WORK TASK: Look through the data below and extract, unchanged, the lines from the one that contains "Uygun fiyatlı: AMD" to the one that contains "Milwaukee M12 POAL-0", both included.

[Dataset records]
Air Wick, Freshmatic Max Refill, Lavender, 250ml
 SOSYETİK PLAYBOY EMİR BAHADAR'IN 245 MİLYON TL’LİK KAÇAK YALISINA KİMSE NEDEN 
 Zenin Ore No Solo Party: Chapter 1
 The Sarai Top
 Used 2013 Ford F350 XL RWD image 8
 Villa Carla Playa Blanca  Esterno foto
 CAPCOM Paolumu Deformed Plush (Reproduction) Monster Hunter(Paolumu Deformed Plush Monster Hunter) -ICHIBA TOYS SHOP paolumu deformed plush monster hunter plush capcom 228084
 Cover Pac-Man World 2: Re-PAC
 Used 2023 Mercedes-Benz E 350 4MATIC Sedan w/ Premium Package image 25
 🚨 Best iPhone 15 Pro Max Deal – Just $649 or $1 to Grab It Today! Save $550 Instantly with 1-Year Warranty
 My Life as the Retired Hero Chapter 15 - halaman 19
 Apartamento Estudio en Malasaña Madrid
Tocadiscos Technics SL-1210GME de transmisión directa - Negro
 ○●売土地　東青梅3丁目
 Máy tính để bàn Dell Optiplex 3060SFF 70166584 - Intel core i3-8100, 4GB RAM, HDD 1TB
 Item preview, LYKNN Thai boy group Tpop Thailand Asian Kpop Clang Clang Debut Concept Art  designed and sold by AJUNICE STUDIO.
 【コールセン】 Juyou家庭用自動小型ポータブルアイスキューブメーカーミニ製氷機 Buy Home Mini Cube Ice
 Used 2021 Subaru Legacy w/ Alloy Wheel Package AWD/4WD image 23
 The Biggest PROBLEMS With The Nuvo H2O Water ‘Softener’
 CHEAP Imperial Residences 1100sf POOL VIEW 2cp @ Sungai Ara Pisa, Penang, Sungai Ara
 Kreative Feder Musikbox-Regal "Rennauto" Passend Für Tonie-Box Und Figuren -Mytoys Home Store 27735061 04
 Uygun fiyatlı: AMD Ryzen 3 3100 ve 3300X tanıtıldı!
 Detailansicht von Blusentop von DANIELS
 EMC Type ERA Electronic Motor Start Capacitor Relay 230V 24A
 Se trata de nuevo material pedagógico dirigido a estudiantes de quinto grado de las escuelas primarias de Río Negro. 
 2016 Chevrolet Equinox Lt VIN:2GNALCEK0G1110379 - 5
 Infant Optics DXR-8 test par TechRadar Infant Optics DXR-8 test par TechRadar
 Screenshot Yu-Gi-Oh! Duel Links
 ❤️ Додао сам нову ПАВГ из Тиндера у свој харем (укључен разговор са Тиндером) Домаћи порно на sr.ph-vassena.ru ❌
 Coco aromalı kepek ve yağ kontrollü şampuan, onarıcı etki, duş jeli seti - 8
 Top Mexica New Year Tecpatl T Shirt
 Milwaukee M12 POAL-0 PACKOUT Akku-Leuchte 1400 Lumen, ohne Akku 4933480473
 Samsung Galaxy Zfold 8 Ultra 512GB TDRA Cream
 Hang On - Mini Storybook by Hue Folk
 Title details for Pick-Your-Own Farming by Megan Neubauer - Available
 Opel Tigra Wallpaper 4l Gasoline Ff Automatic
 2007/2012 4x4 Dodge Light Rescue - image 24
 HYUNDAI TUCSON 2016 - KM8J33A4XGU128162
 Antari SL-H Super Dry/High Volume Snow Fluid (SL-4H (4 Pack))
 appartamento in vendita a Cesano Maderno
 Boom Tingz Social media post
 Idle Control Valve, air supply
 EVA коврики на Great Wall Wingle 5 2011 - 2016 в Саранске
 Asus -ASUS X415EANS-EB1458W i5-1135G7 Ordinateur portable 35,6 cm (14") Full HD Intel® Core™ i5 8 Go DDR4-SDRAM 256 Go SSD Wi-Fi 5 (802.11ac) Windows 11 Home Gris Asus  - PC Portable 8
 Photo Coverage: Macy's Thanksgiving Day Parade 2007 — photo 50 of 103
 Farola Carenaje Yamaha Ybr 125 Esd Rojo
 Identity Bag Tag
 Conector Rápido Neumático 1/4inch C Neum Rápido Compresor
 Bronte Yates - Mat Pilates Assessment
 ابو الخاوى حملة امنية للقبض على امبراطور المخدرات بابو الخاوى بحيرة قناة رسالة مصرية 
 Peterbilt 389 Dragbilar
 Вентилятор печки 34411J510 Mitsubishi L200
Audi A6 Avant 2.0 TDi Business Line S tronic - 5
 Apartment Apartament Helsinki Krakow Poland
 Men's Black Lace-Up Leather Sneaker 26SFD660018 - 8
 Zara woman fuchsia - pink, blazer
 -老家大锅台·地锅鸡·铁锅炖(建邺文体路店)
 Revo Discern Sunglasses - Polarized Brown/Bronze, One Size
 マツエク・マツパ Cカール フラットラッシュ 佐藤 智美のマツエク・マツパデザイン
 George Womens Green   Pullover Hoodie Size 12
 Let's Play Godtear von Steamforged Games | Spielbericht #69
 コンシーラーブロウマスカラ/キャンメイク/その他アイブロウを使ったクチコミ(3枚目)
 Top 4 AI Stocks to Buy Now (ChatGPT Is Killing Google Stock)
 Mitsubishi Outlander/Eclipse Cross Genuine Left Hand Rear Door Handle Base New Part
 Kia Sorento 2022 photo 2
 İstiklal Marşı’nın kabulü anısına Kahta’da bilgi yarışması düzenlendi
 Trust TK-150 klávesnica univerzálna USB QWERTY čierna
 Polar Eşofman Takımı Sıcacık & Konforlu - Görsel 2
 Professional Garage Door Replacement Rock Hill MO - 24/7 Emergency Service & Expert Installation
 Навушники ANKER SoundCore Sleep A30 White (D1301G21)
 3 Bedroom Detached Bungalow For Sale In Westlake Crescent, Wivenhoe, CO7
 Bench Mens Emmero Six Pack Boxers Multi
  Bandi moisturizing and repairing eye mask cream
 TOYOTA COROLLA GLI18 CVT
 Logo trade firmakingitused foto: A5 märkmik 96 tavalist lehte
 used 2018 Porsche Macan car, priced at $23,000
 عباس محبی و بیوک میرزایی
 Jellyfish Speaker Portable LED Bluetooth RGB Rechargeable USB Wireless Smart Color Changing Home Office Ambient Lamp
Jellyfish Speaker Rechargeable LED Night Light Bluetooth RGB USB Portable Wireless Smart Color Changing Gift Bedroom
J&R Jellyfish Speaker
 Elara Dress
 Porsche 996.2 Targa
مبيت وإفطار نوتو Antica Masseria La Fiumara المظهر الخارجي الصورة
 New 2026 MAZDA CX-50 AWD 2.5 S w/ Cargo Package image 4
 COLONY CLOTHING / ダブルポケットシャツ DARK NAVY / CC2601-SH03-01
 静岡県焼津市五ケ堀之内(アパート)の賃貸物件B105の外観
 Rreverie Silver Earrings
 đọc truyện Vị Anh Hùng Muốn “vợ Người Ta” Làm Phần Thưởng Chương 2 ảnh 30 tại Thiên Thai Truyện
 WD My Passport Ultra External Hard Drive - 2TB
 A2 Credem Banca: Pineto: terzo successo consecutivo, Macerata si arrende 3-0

TASK SOLUTION:
 Uygun fiyatlı: AMD Ryzen 3 3100 ve 3300X tanıtıldı!
 Detailansicht von Blusentop von DANIELS
 EMC Type ERA Electronic Motor Start Capacitor Relay 230V 24A
 Se trata de nuevo material pedagógico dirigido a estudiantes de quinto grado de las escuelas primarias de Río Negro. 
 2016 Chevrolet Equinox Lt VIN:2GNALCEK0G1110379 - 5
 Infant Optics DXR-8 test par TechRadar Infant Optics DXR-8 test par TechRadar
 Screenshot Yu-Gi-Oh! Duel Links
 ❤️ Додао сам нову ПАВГ из Тиндера у свој харем (укључен разговор са Тиндером) Домаћи порно на sr.ph-vassena.ru ❌
 Coco aromalı kepek ve yağ kontrollü şampuan, onarıcı etki, duş jeli seti - 8
 Top Mexica New Year Tecpatl T Shirt
 Milwaukee M12 POAL-0 PACKOUT Akku-Leuchte 1400 Lumen, ohne Akku 4933480473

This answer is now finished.